Akweley woke up to the persistent knocking on her door.
She opened her eyes drowsily and looked at the luminous face of the digital clock on the small side-table of the bed.
It was 04:10 a.m.
She drew the sash of the nightie tighter around her and walked to the door.
“Daddy?” she asked softly.
She could now hear some faint raised voices, as if someone was screaming or shouting in the distance, and she scowled.
“Yes, sweetheart,” came her father’s muffled voice, and she threw the door open and saw him standing out there, wearing a long white gown and holding a pistol in his hand, making her eyes go wide with fright instantly.
“Daddy!”
“Shh!” Laryea Odamten whispered. “It seems we’re being attacked by robbers, dear. The security people pressed the alarm signal, and I’ve called the police. We need to hide and wait till the police get…”
Laryea Odamten stopped because just then they heard a voice shouting out Akweley’s name.
“Akweley, Akweley! Are you in there? Come on, Akweley! It’s me, K.K!”
Father and daughter looked at each other with absolute shock.
“Kofi?” Akweley whispered, turned and rushed back into her room.
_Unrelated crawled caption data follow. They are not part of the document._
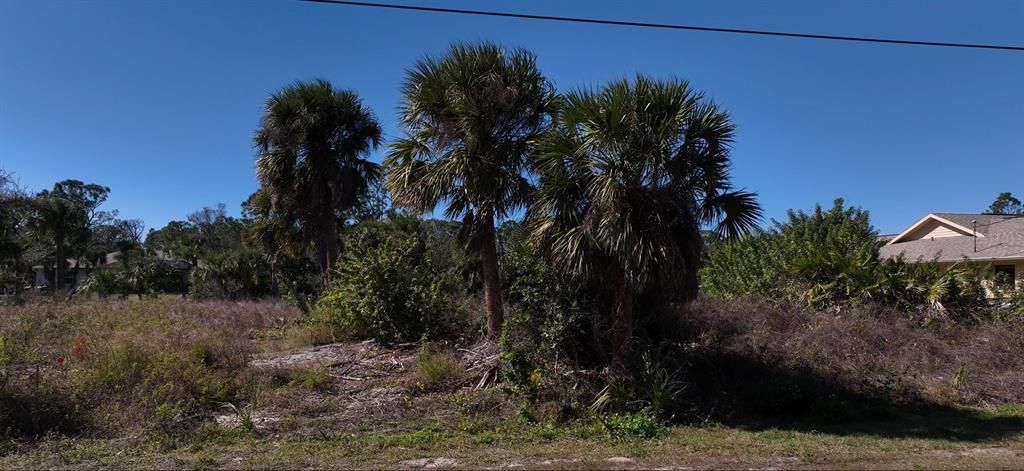 待售: $110,000 (0.24 acres)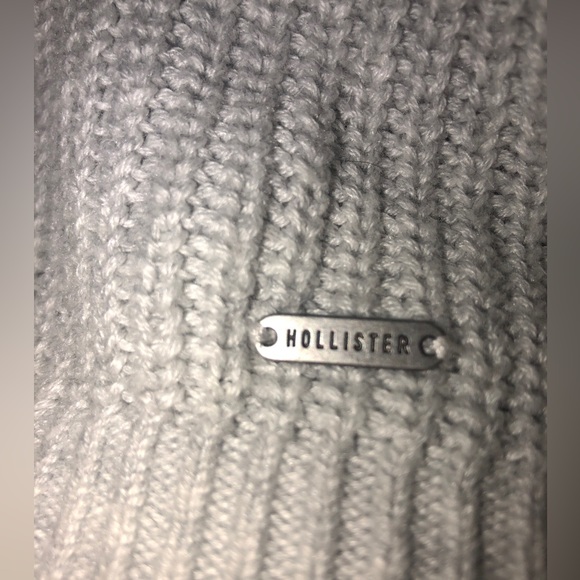Hollister XS crew neck. Cropped. Pretty Soft grey color - Picture 3 of 11
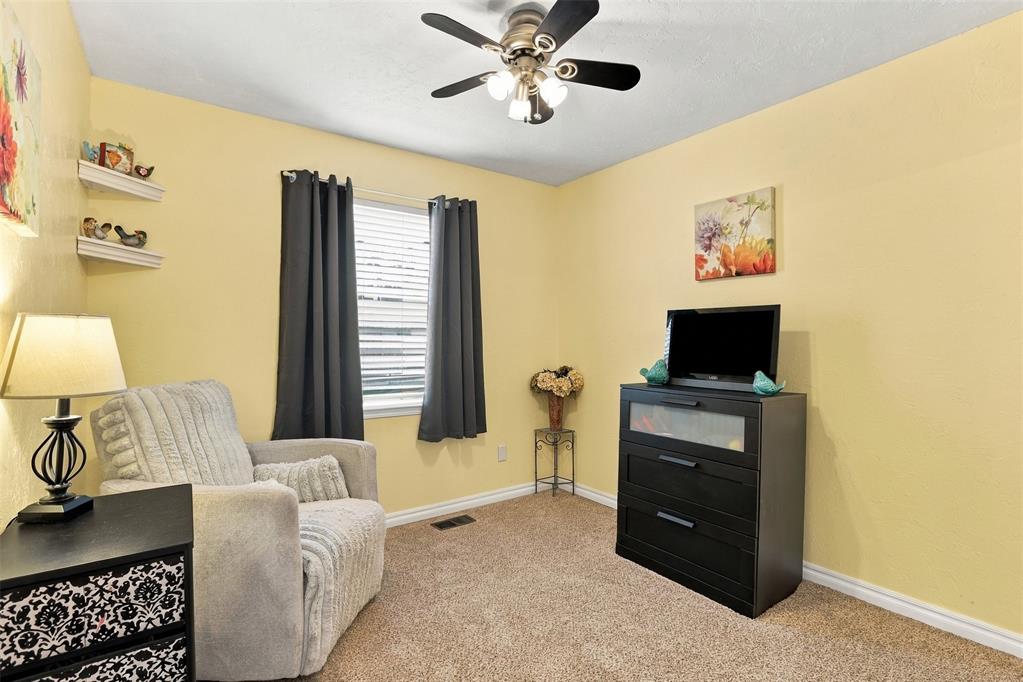 11613 Lochwood Drive Property Photo 18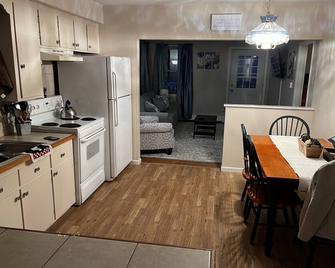2 Bedroom Close to Hospitals and Medical facilities. Quiet and Pet Friendly - Lewiston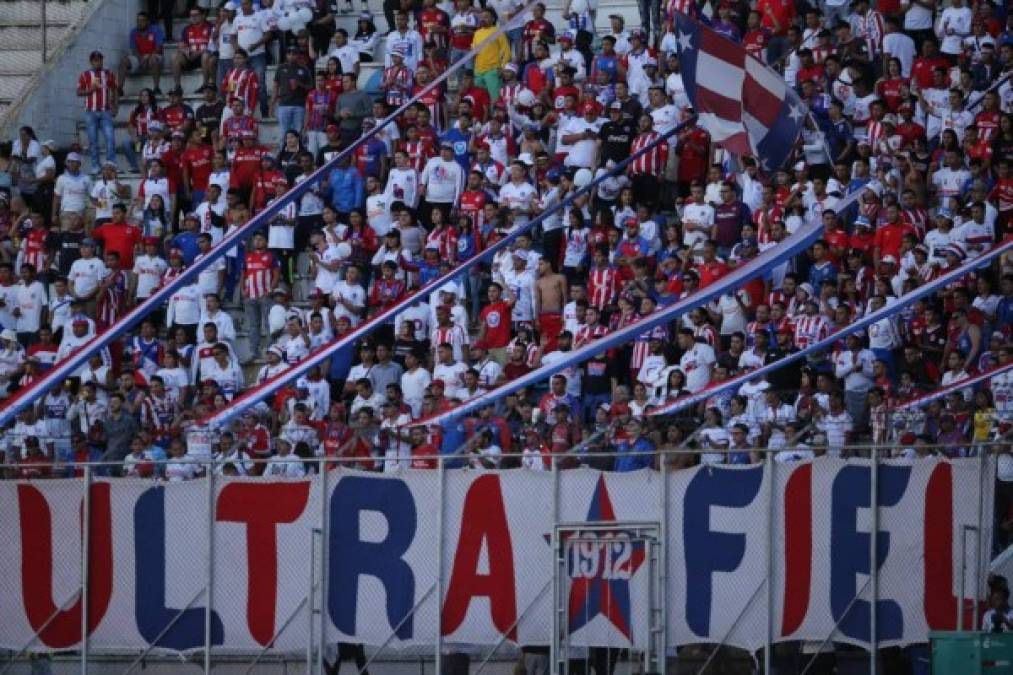 La Ultra Fiel no se perdió la goleada que le propinó Olimpia al Marathón.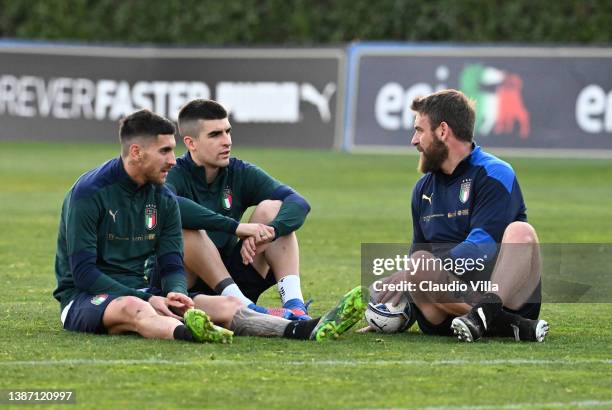 Lorenzo Pellegrini, Gianluca Mancini and Daniele De Rossi of Italy chat during a Italy training session at Centro Tecnico Federale di Coverciano on...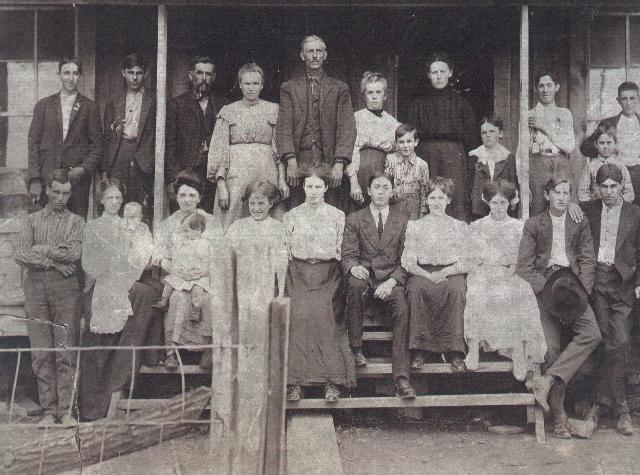 John S family_small.jpg (62710 bytes)
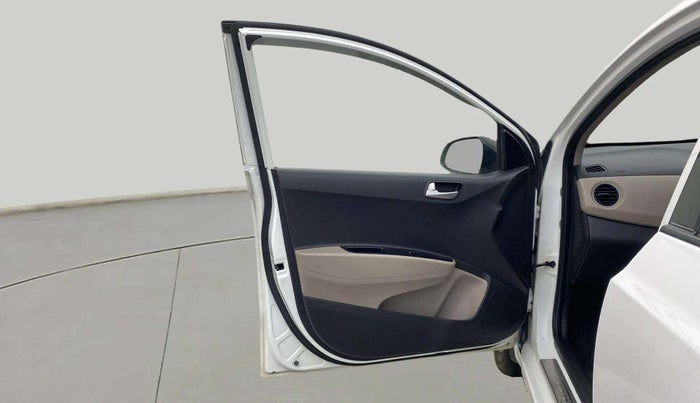 2018 Hyundai Grand i10 SPORTZ AT 1.2 KAPPA VTVT, Petrol, Automatic, 24,412 km, LHS Front Door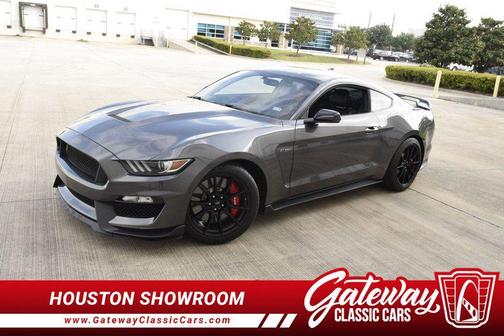 2020 Ford Shelby GT350 Base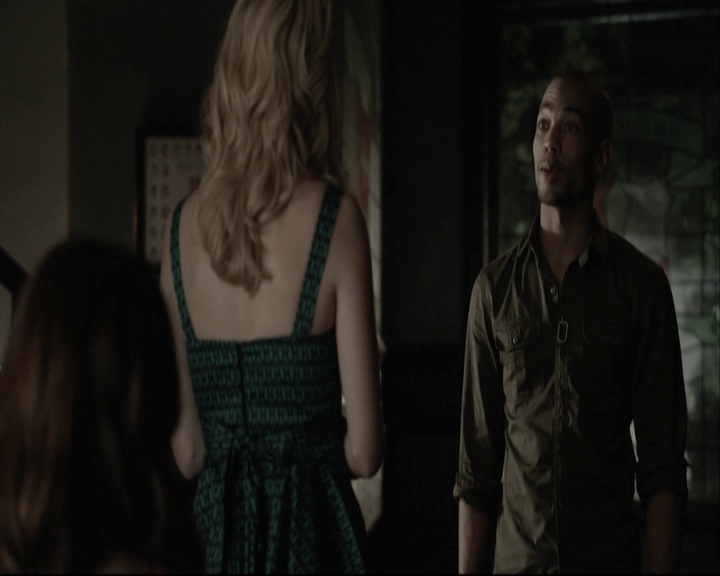 VampireDiariesWorld-dot-org_5x08DeadManOnCampus-deletedscene0026.jpg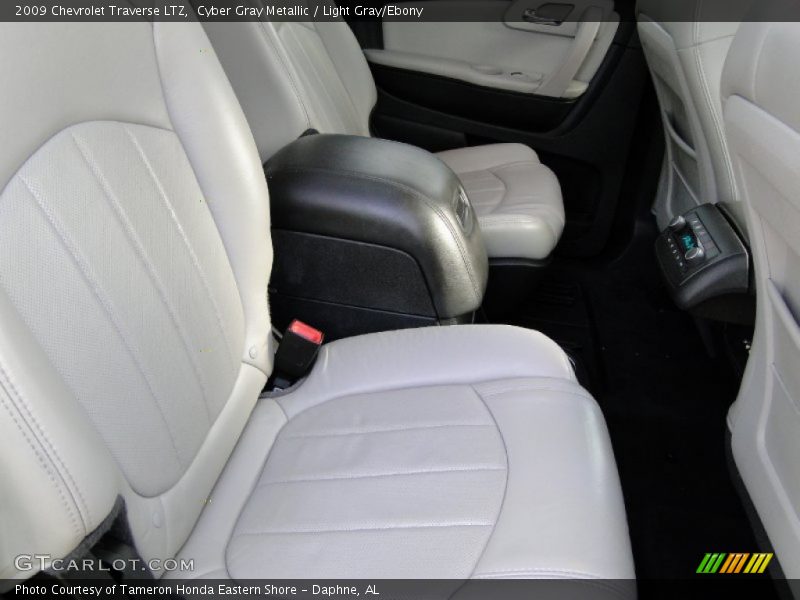 Cyber Gray Metallic / Light Gray/Ebony 2009 Chevrolet Traverse LTZ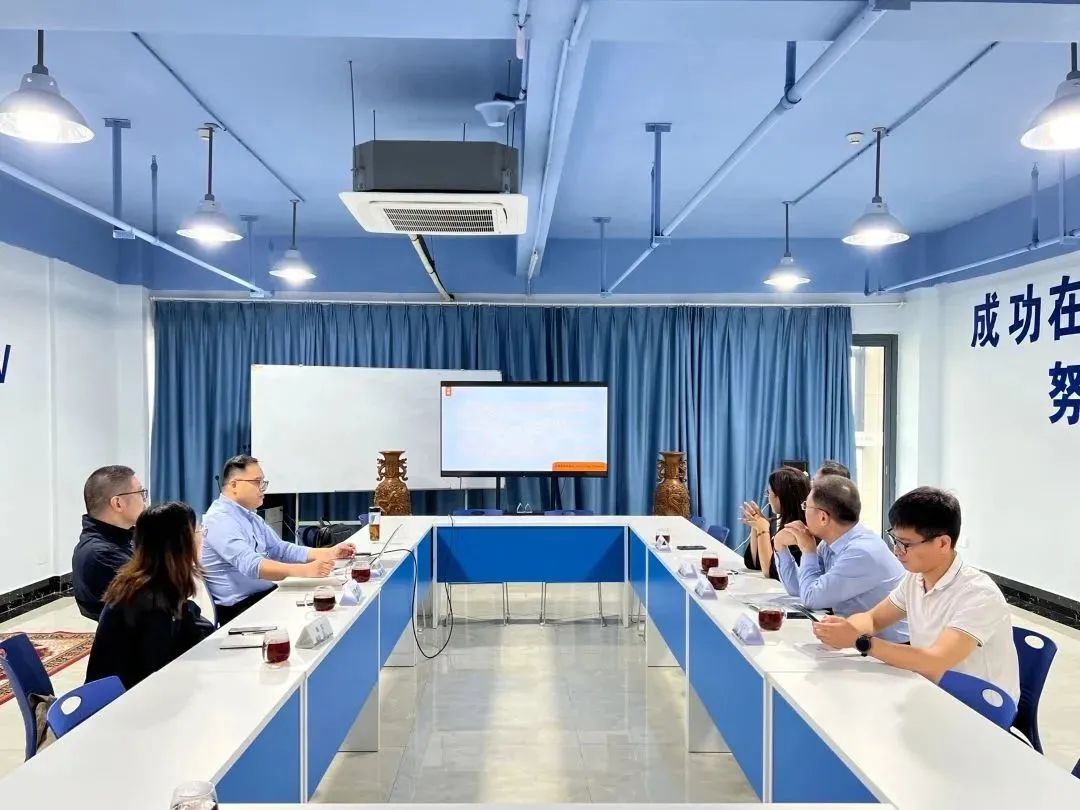 热烈欢迎日照市领导莅临平湖市箱包产业园区参观考察！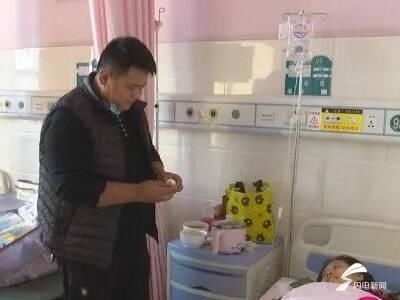 分娩|新泰一孕妇突然分娩,医生护士齐上阵,“私家车”变“临时产房”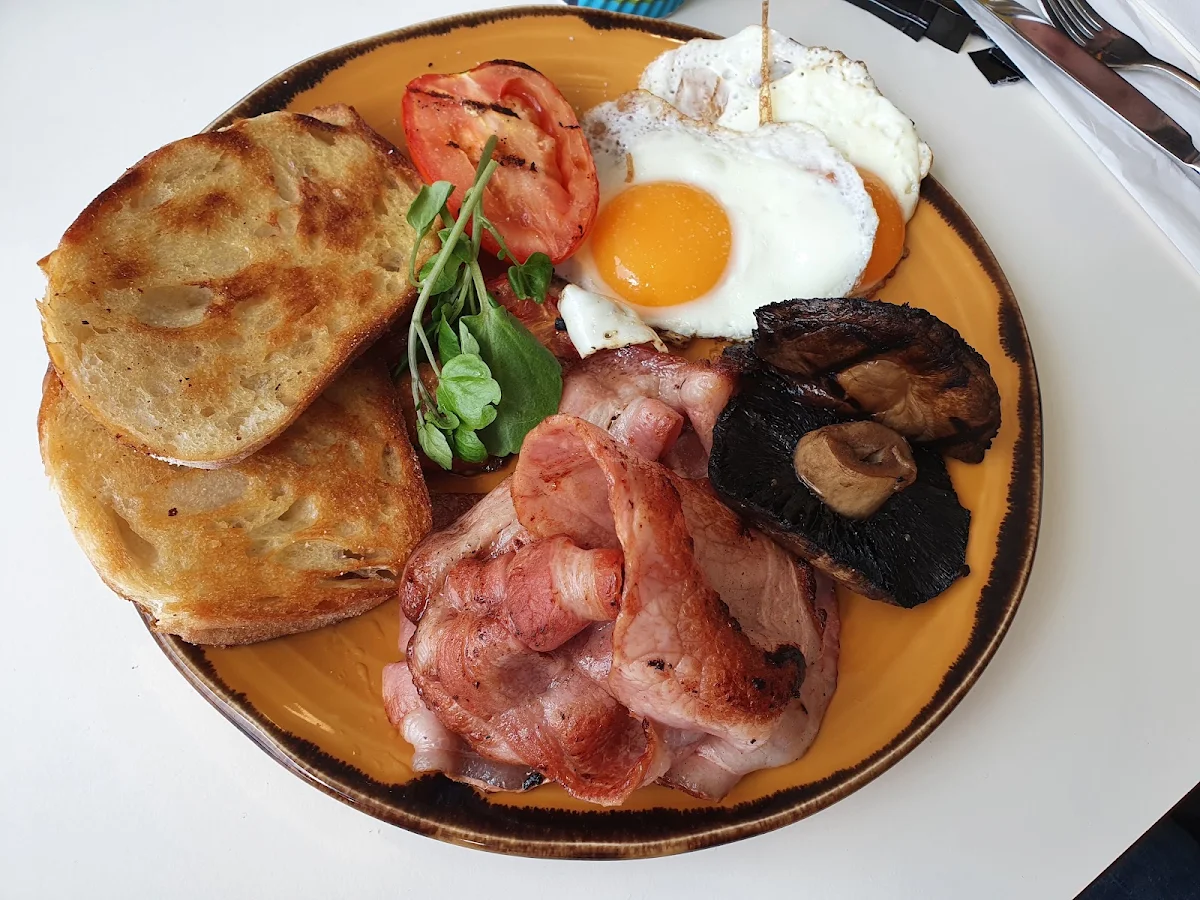 Bacon and Eggs Make Your Own, Picnic Point Toowoomba
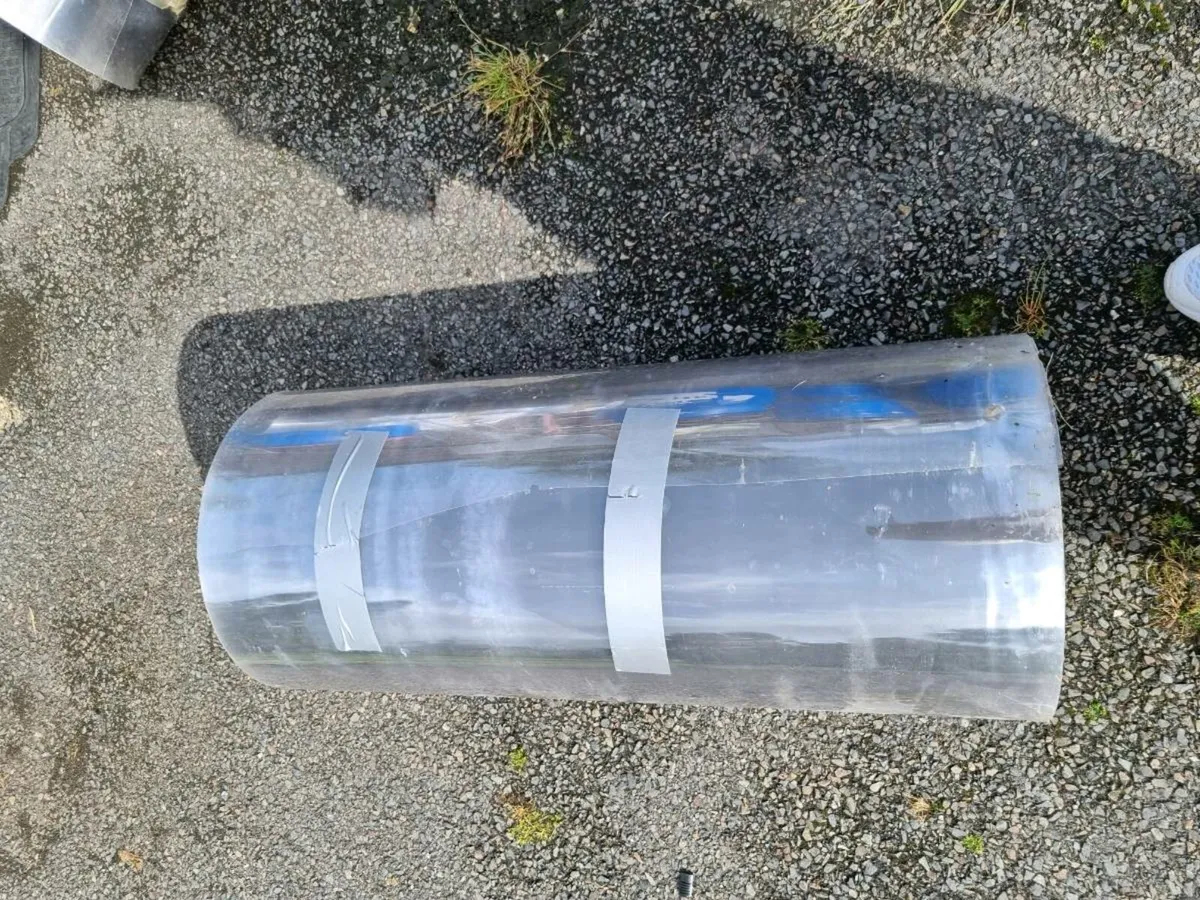 2 rolls of hard plastic - Image 3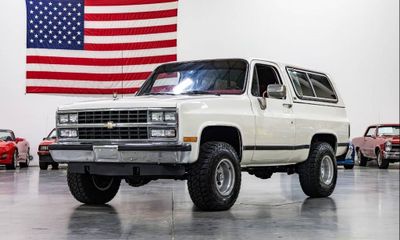 1990 Chevrolet Blazer Base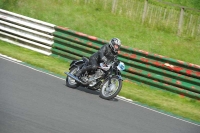 Mallory-park-Leicestershire;Mallory-park-photographs;Motorcycle-action-photographs;classic-bikes;event-digital-images;eventdigitalimages;mallory-park;no-limits-trackday;peter-wileman-photography;vintage-bikes;vintage-motorcycles;vmcc-festival-1000-bikes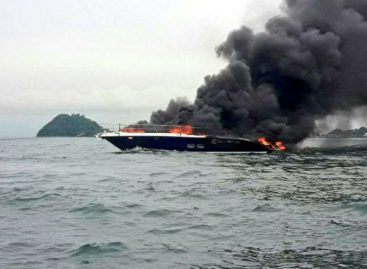 Rescataron a tres tripulantes de yate que se incendió en isla Flamenco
She drew the blinds and slid the window to one side and looked outside.
Kofi was standing out there in the courtyard, wearing sky-blue pajamas and holding what looked like a fire extinguisher.
She blinked hard and looked again, sure that she might be dreaming.
“Well, I’m going to kill this filthy bastard!” Laryea Odamten said savagely.
He had been peering over Akweley’s shoulder, and he had also seen Kofi.
He turned away but Akweley quickly held her father’s arm.
“Daddy!” she said earnestly. “It’s okay! Let me speak to him!”
“Why?” Laryea asked angrily. “That boy is mad! He obviously escaped from the asylum! What’s he doing here, anyway?”
“Just let me speak to him, Daddy,” she said, striving to remain calm.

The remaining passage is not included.